WHAT TO WORK ON: Find the word "Street" in the material below and gather every line that contains it.

GIVEN RECORDS:
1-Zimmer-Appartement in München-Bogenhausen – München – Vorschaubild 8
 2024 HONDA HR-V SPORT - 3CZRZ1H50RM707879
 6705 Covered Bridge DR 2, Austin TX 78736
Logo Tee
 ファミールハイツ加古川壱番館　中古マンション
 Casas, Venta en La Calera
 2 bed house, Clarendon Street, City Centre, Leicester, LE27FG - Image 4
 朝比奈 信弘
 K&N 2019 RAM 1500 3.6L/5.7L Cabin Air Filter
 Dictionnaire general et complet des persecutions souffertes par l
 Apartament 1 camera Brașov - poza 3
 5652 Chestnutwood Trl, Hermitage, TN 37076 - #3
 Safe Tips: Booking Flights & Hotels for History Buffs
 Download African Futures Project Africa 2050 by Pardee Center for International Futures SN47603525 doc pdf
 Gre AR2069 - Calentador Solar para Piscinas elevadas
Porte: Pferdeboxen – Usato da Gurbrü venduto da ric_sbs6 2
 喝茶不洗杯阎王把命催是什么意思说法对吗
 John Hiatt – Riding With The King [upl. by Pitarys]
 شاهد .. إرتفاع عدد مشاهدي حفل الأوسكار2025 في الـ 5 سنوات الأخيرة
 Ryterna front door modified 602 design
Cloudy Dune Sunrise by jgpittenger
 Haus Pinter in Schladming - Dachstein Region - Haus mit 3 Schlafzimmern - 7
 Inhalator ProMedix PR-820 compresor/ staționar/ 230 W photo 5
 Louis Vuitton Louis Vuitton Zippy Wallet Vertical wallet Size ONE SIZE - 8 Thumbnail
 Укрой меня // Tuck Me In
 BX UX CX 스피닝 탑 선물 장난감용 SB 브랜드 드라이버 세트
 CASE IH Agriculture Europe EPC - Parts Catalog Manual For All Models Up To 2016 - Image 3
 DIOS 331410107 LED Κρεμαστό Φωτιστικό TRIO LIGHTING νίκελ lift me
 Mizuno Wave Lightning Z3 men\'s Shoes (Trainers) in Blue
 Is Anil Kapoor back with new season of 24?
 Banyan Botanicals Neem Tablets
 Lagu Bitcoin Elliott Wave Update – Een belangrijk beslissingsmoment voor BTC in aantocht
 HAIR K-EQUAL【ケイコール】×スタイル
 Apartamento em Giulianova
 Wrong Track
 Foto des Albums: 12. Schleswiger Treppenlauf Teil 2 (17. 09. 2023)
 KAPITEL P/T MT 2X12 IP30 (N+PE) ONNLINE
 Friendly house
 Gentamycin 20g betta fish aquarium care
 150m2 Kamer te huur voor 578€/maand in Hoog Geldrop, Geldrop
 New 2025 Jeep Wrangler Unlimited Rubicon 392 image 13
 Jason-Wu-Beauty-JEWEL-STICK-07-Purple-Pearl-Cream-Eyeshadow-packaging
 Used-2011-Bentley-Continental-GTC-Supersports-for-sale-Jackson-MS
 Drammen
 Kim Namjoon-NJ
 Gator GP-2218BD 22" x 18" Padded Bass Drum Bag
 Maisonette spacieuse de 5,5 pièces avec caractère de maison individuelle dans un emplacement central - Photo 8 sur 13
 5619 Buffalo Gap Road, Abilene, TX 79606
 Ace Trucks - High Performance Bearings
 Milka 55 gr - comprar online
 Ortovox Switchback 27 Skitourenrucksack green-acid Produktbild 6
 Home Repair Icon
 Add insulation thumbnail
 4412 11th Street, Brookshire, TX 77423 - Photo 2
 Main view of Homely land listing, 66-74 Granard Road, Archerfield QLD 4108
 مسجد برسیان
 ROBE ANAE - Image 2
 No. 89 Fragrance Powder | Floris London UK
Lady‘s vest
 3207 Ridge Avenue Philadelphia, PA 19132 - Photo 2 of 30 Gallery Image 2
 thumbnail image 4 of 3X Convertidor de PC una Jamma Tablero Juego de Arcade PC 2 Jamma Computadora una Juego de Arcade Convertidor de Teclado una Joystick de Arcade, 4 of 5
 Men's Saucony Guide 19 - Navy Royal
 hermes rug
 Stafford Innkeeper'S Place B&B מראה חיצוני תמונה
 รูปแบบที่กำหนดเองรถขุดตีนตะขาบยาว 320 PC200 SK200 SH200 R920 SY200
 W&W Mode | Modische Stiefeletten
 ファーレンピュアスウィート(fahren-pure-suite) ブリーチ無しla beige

EXPECTED ANSWER:
 2 bed house, Clarendon Street, City Centre, Leicester, LE27FG - Image 4
 4412 11th Street, Brookshire, TX 77423 - Photo 2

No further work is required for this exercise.